As with all B-trees, the WHIFS B-tree has two types of nodes, index and leaf nodes. In this case, the leaf nodes and index nodes have slightly different headers, described later. The combination of the header (index or leaf) and the data following the header create what will be referred to as "a page," so a 1K page with a 16-byte header would only have 1024-16=1008 bytes of data.
The B-tree has an initial header that describes the dynamics of the B-tree itself. There are fields for the number of pages, the number of levels, the root page, and so on. With this information you can then traverse the B-tree, and find internal files that make up the .HLP file.
Immediately following the header are the actual nodes of the B-tree. Once the header is read in, you should save the current file location, which marks the beginning of the first WHIFS node. The WHIFS uses 1-Kbyte pages (elsewhere WinHelp uses a 2-Kbytes B-tree page size).

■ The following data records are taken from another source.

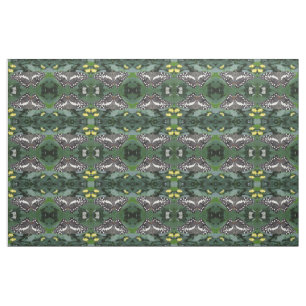 Lime Butterfly and Flowers Patterned Animal Fabric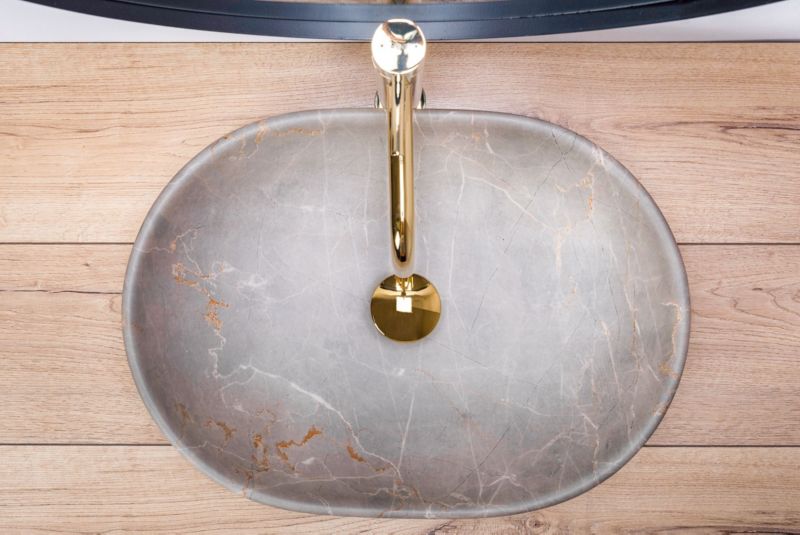 Rea Lara ovalt bordmonteret vask i beige 48,5 x 35 x 13,5 cm, 1 stk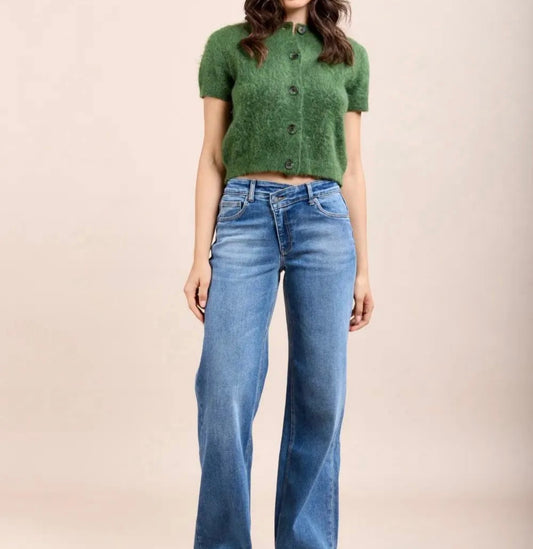 Denim botón cruzado wide leg azul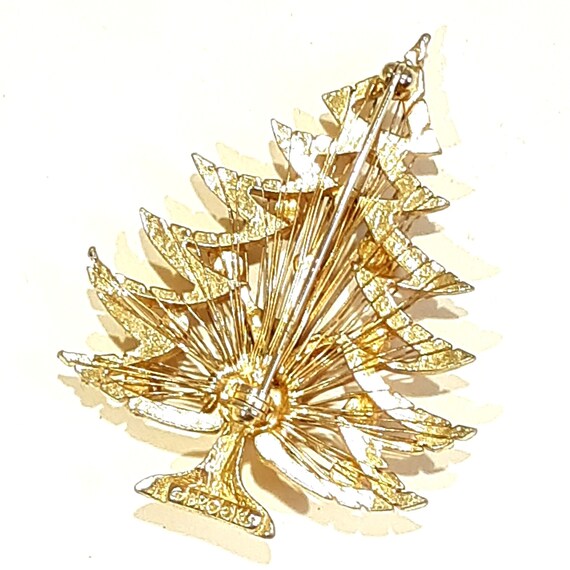 Brooks Vintage Christmas Tree Brooch Rhinestones … - image 3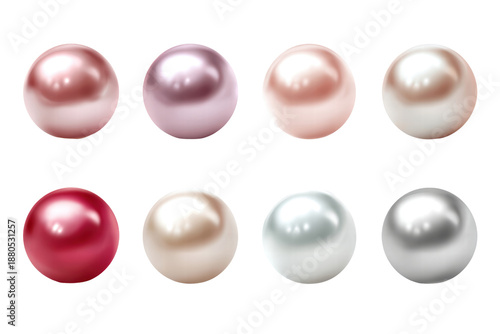 A set of pearl beads in various colors, including red, pink, and white. The beads are arranged in a row, with the red one in the middle, png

Thus, to find the file offset of any node in the WHIFS B-tree, you simply multiply the page number you're looking for by 1024L (note that WinHelp files can be quite large, so that the file offset must be a long), and add in the location of the first node (page 0). This is demonstrated in the sample program HELPDIR.C, Listing Two (page 136).
The NSplits field in the WHIFS header is the number of "splits" that the B-tree has suffered. When a leaf node of a B-tree has filled up and a record is added, then the node is split into two nodes.
The RootPage field tells you which page is the root of the B-tree. Page numbers start at 0. TotalPages is the number of pages in the entire B-tree. This is usually used to let you know when you've read in the last record of the B-tree.
Naturally, NLevels is how many levels there are in the B-tree. All the leaves are at the same level, so NLevels lets you know when you have reached a leaf node.
TotalWHIFSEntries is simply a count of all of the filenames in the WHIFS B-tree. This count has little use, other than to confirm the totals given in each node of the B-tree or else to know, before traversing the tree, how much space to allocate for a file list.
Each page of the B-tree has a node header. The index nodes and leaf nodes have slightly different headers. These node headers are generic and work with all of the B-trees in the entire WHIFS. The index nodes are referred to as nodes and the leaf nodes as leaves.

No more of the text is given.